Your broader claim wrt. memory makes a whole lot of sense in the context of how to tune an existing tracing GC when that's a forced choice anyway (which, AIUI, is also what the talk is about!) but it just doesn't seem all that relevant to the merits of tracing GC vs. manual memory management.
> we're not seeing any kind of abandonment of tracing GC at a rate that is even close to suggesting some significant economic value in abandoning them
We're certainly seeing a lot of "economic value" being put on modern concurrent GC's that can at least perform tolerably well even without a lot of memory headroom. That's how the Golang GC works, after all.
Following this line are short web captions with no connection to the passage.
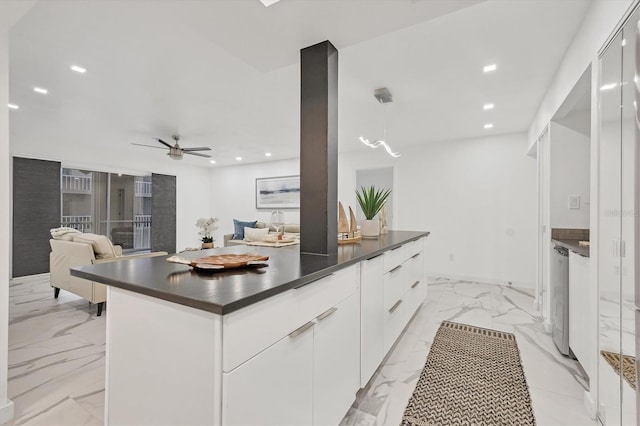 kitchen featuring pendant lighting, dishwasher, white cabinets, ceiling fan, and a kitchen island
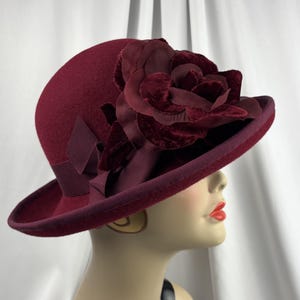 May include: A deep burgundy felt hat featuring a wide brim and a matching grosgrain ribbon band. The hat is adorned with a large, layered velvet flower decoration in the same dark red tone, positioned on the side above the brim.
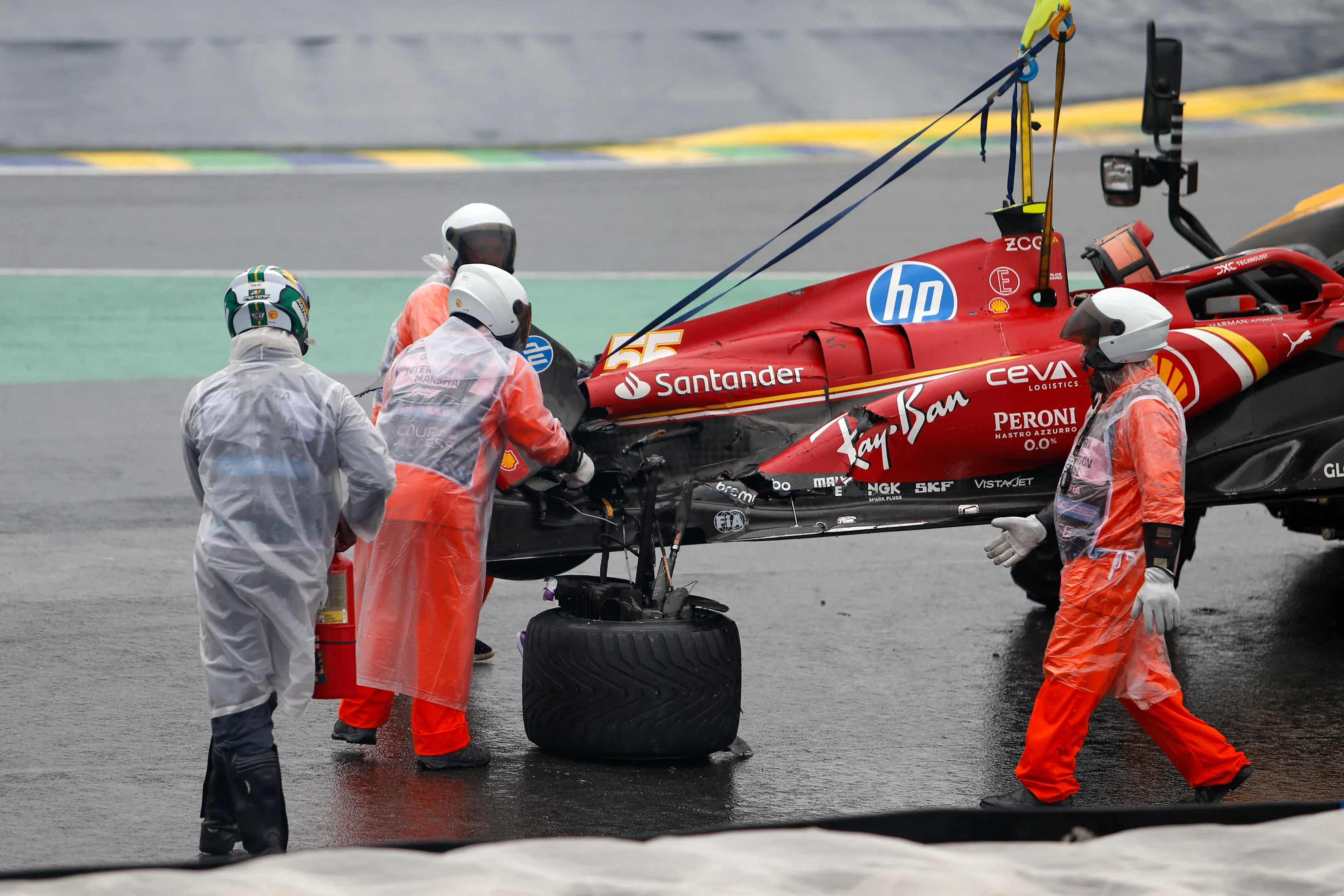 The car of Ferrari's Spanish driver Carlos Sainz is removed from the track after an accident during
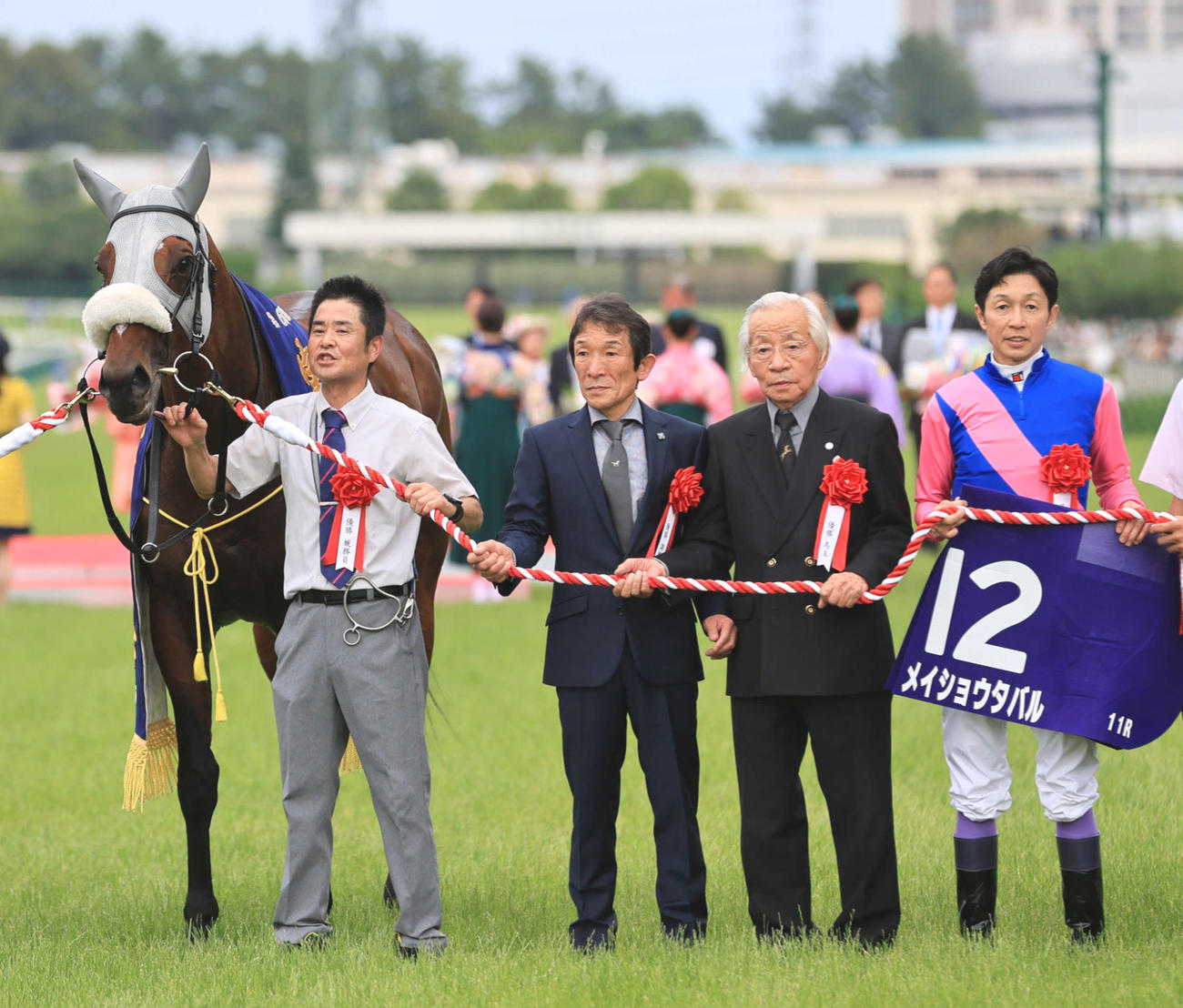 宝塚記念を制し口取りに臨む（左から2人目から）石橋師、松本オーナー、武豊騎手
> It goes without saying that memory compaction involves a whole lot of extra traffic on the memory subsystem
It doesn't go without saying that compaction involves a lot of memory traffic, because memory is utilised to reduce the frequency of GC cycles and only live objects are copied. The whole point of tracing collection is that extra RAM is used to reduce the total amount of memory management work. If we ignore the old generation (which the talk covers separately), the idea is that you allocate more and more in the young gen, and when it's exhausted you compact only the remaining live objects (which is a constant for the app); the more memory you assign to the young gen, the less frequently you need to do even that work. There is no work for dead objects.
> when it comes to how it's impacted by the memory bottleneck is one that I have some trouble understanding also - especially since you've been arguing for using up more memory for the exact same workload.
Memory bandwidth - at least as far as latency is concerned - is used when you have a cache miss. Once your live set is much bigger than your L3 cache, you get cache misses even when you want to read it. If you have good temporal locality (few cache misses), it doesn't matter how big your live set is, but the same is if you have bad temporal locality (many cache misses).
> which, AIUI, is also what the talk is about
The talk focuses on tracing GCs, but it applies equally to manual memory management (as discussed in the Q&A; using less memory for the same algorithm requires CPU work regardless if it's manual or automatic)
> when that's a forced choice
I don't think tracing GCs are ever a forced choice. They keep getting chosen over and over for heavy workloads on machines with >= 1GB/core because they offer a more attractive tradeoff than other approaches for some of the most popular application domains. There's little reason for that to change unless the economics of DRAM/CPU change significantly.